LCM of Two Numbers in Python: 3 Methods Explained

LCM of two numbers is the smallest positive integer divisible by both, and placement aptitude tests in India test it in two ways: as a maths problem and as a Python implementation question.

Three methods cover every scenario. The brute-force loop is the easiest to understand. The GCD-based formula is the one placement coding rounds expect.

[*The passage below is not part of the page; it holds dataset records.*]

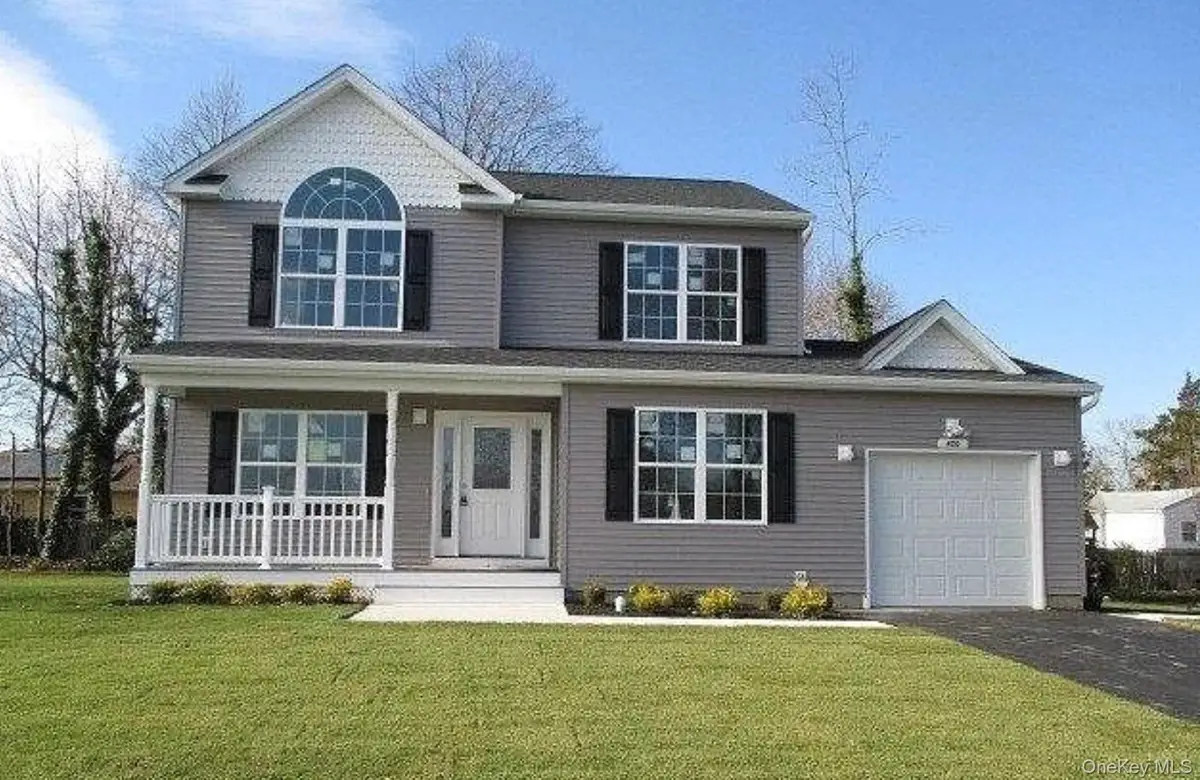 608 Bayview Avenue, Bellport, NY 11713 - Image #1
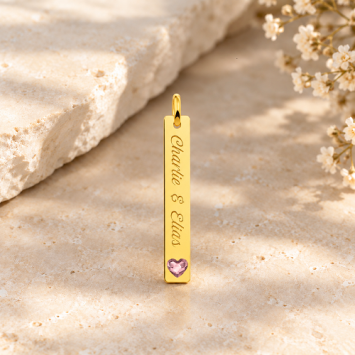 Gouden Bar naamketting hanger met gravure met hartjes steen Names4Ever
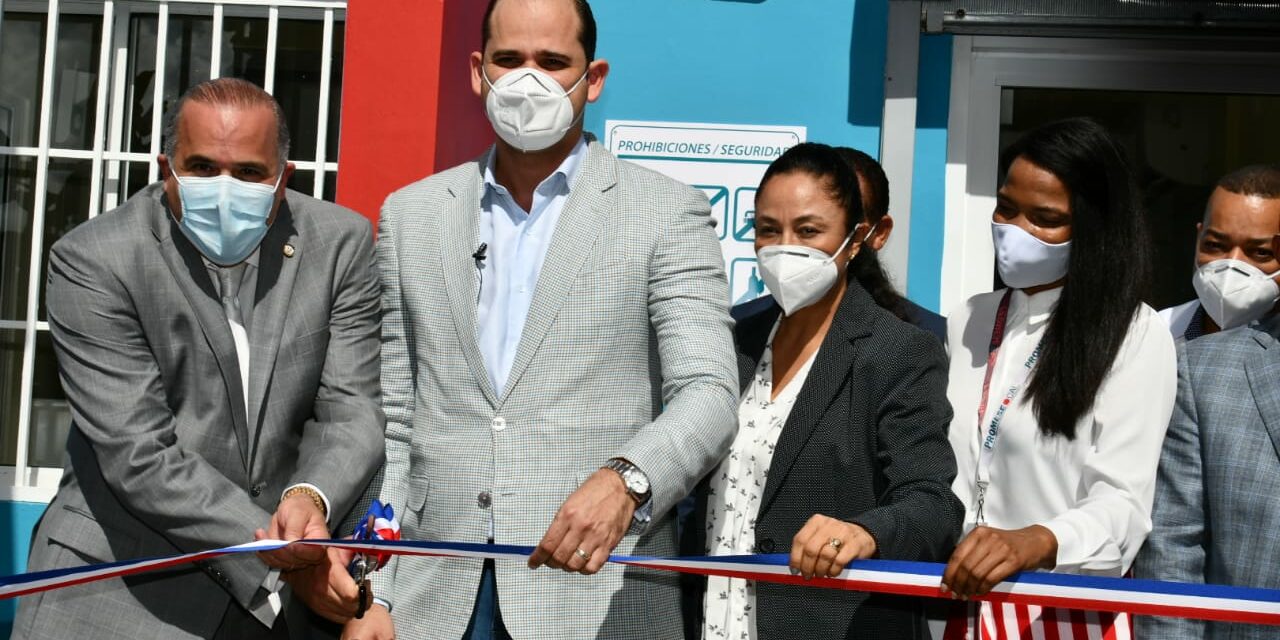 PROMESE/CAL inaugura dos “Farmacia del Pueblo” en Nagua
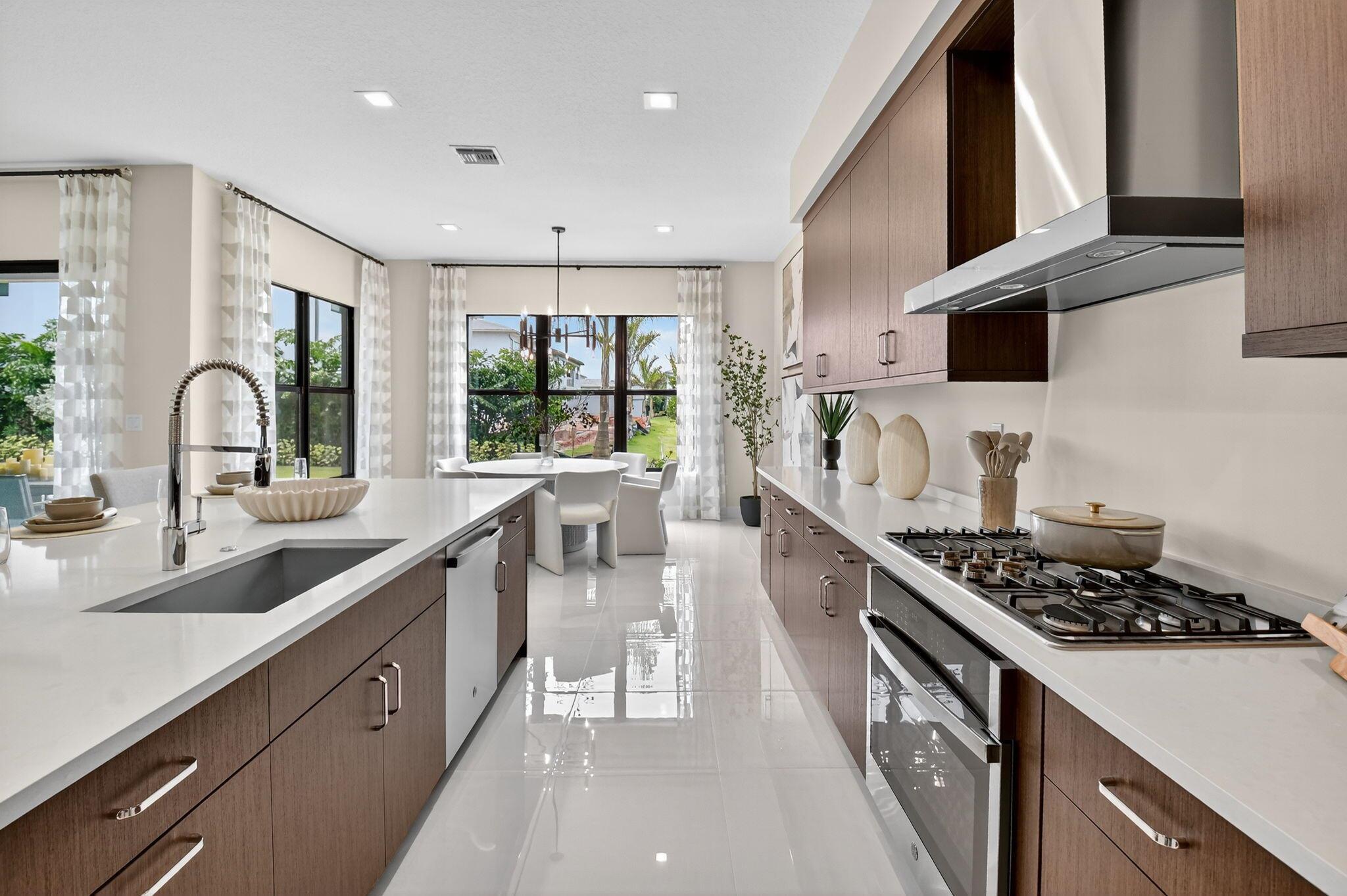 LOTUS EDGE - Residential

The math.lcm builtin, added in Python 3.9, is the cleanest option when you are writing real code rather than demonstrating algorithmic reasoning.

What LCM Is and How It Connects to GCD

The least common multiple of two positive integers a and b is the smallest positive integer that both a and b divide without remainder.

A few concrete cases before the formula:

• LCM(4, 6) = 12. Multiples of 4: 4, 8, 12. Multiples of 6: 6, 12. First overlap: 12.
• LCM(6, 9) = 18. Multiples of 6: 6, 12, 18. Multiples of 9: 9, 18. First overlap: 18.
• LCM(7, 11) = 77. Both are prime with no common factor, so their LCM is their product.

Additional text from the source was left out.